Provocando - Paisagens do mal - por Marcelo Veras

Artigo

03 Março, 2021

"Se virou paisagem, perdeu relevância"  

No dia 03 de abril de 2020, quando a pandemia estava apenas começando aqui no Brasil, morreram 766 pessoas na Itália. Lembro-me como se fosse hoje, da minha cara e da expressão grave da minha esposa, ambos com lágrimas caindo pelo rosto ao ver a notícia na TV. Choramos copiosamente.

- Meu Deus! Que triste! - dissemos um ao outro

No dia 03 de março de 2021, dia em que escrevo este texto, 1.910 brasileiros perderam a vida. Na frente da mesma TV, vi a notícia e não derramei uma lágrima.

A causa da mudança de postura da minha parte entre um fato e o outro não reside em indiferença, maldade ou porque nenhum desses 1.910 são próximos a mim. Ela é explicada por um fenômeno muito simples de entender e contra o qual luto há anos - o efeito paisagem.

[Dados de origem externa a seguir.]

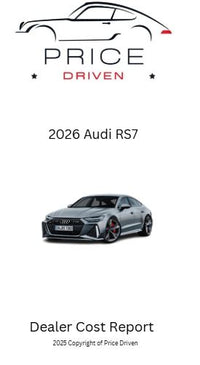 Audi RS7 | 2026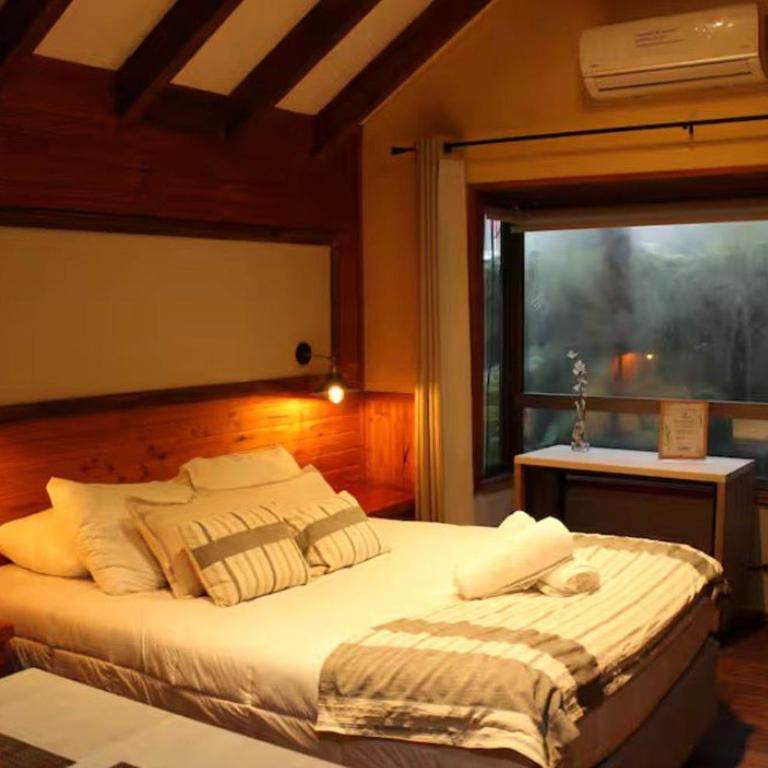 Estero El Claro Hotel y Cabañas - Deluxe Double Room - 8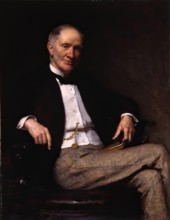 John Webster, 1887. Creator: William Carter.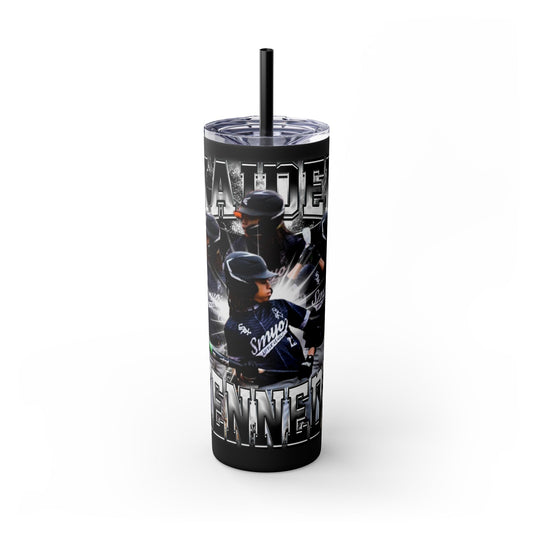 Kaiden Kennedy Stainless Steal Tumbler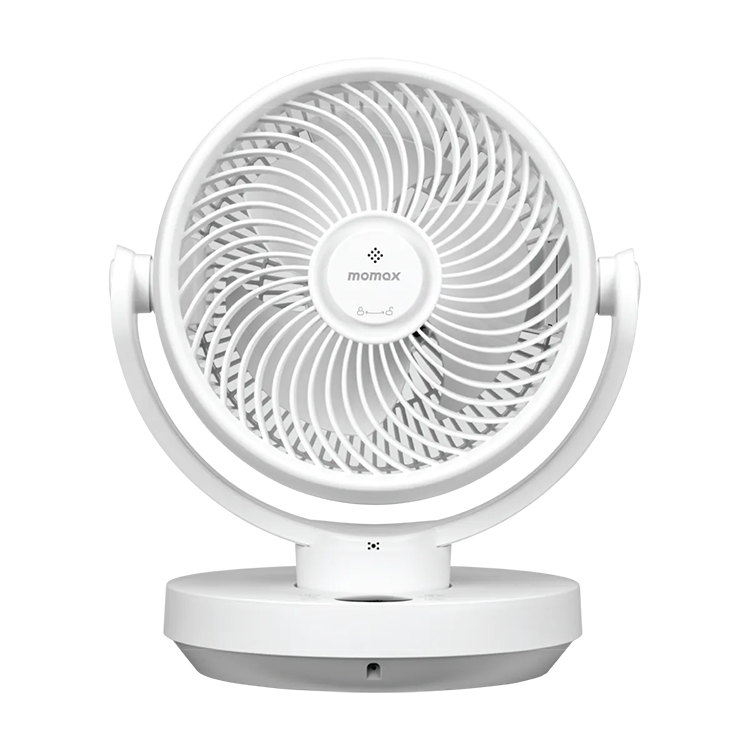 MOMAX Airoma 3D air circulation fan (IF16)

No início de 2010, comecei a minha jornada de escritor semanal de crônicas. No meu primeiro texto (artigo 01, no Blog marceloveras.com), cujo título é "Ambição e ganância", tratei do tema. Ao deixar três dicas práticas para não se cruzar a fronteira entre a ambição e a ganância, a terceira fazia um convite para que todos nós, com certa frequência, fizéssemos um censo da nossa vida. Um momento para parar, olhar para o lado e termos consciência do que temos e do que conquistamos, ou do que está muito mal e precisamos mudar. Esta dica tinha um único objetivo - não deixar as coisas virarem paisagens. Ao virar paisagem, algo bom ou ruim, passa a não ter mais valor ou importância. Isso, para mim, é um empurrão para o abismo das decisões erradas. 

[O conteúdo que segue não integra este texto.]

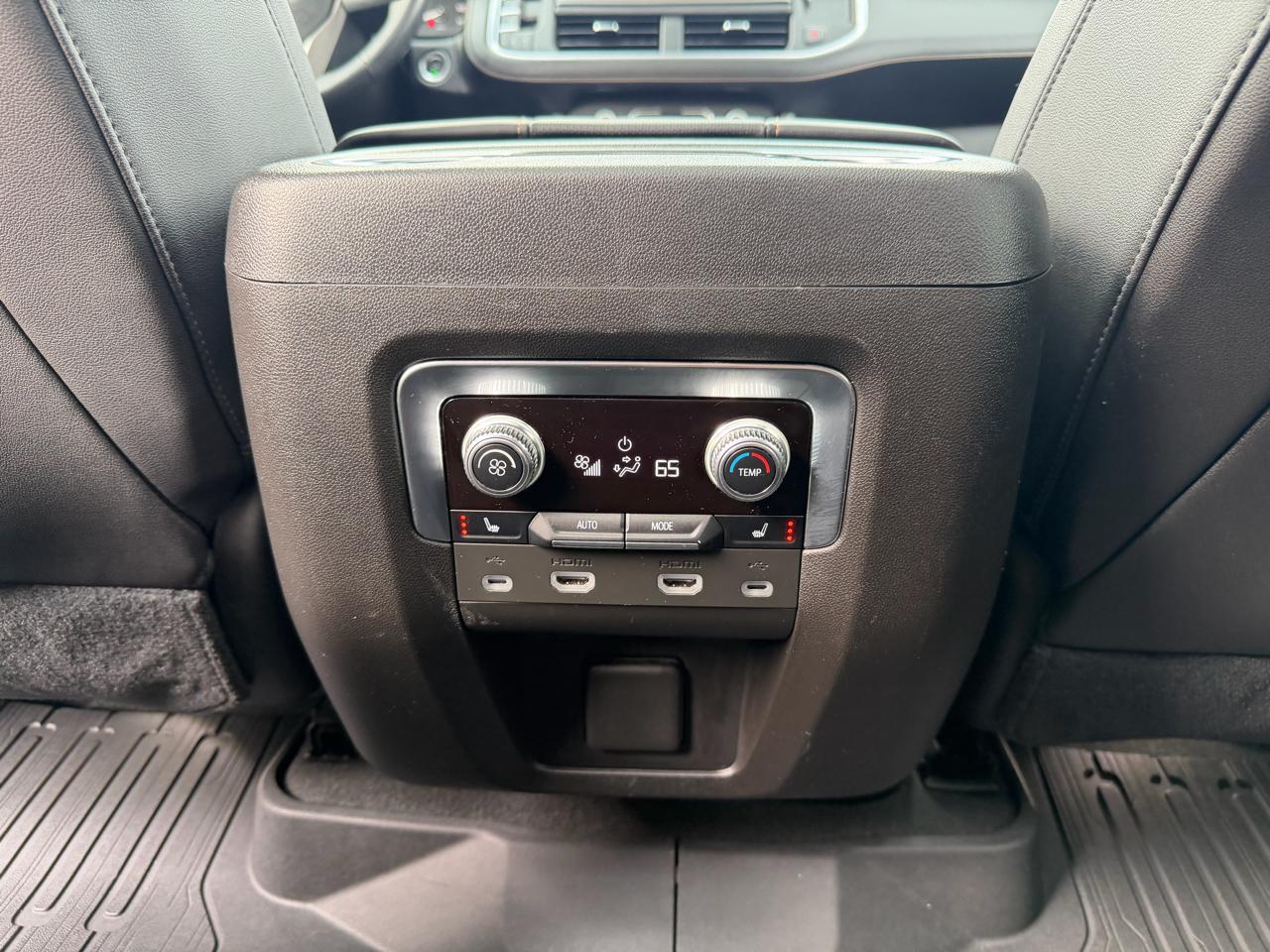 GMC Yukon 4WD 4dr AT4 2021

O meu grande amigo há 26 anos, Jorge Cunha, um dos maiores historiadores que já conheci, me disse uma vez sobre as mazelas do nazismo e porque os países mantém, até hoje, a história viva e os campos de concentração abertos à visitação. O motivo, segundo ele, é muito simples: "Não podemos nos esquecer, porque se esquecemos, podemos repetir". Em outras palavras, aquela aberração não pode virar paisagem... Se virar, um dia se repetirá.

Pois bem, no meio de discussões e debates horríveis e polarizados, com argumentação pífia e prioridades de agenda equivocadas, muitos olham para o número de mortes diárias no Brasil como se fosse uma paisagem. É como se caíssem 8 aviões Boeing com 250 pessoas a bordo em um dia. Mas é normal. Virou normal... Enquanto a tragédia se amplia, a falência moral completa do nosso sistema político se mostrar cada vez mais clara. Enquanto pessoas morrem (de covid e de fome), vamos votar a imunidade parlamentar. Já na sociedade civil, uma legião de marionetes que também tratam tudo como paisagem.

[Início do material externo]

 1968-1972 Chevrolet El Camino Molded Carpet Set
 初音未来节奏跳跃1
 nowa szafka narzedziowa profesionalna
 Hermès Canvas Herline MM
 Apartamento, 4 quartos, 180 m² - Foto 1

Hoje, me pego aqui, escrevendo este texto e deixando cair algumas lágrimas, não só pelos 1.910 do dia 03 de março, mas por todos os mais de 250.000, seus amigos e familiares. Estou muito triste por um lado, mas feliz por ter conseguido retomar a minha atenção plena aos fatos à minha volta. Não, isso não pode virar paisagem! Isso não é normal e não pode ser tratado como normal! Embora me sinta impotente e incapaz de fazer algo para mudar o cenário, não posso de forma alguma deixar de me chocar e me incomodar.

E você? Qual foi a última vez que se emocionou quando viu o número de mortos em um dia? Quando foi a última vez que parou e fez um censo e um balanço da sua vida e do que está à sua volta? Será que não tem coisa muito boa na sua vida e que deve valorizar, mas que você não enxerga mais porque deixou virar paisagem? Será que não tem algo muito ruim na sua vida e que deve ser mudado, mas que você deixou virar paisagem e se acostumou? Cuidado! Este tipo de paisagem não merece ser apreciado.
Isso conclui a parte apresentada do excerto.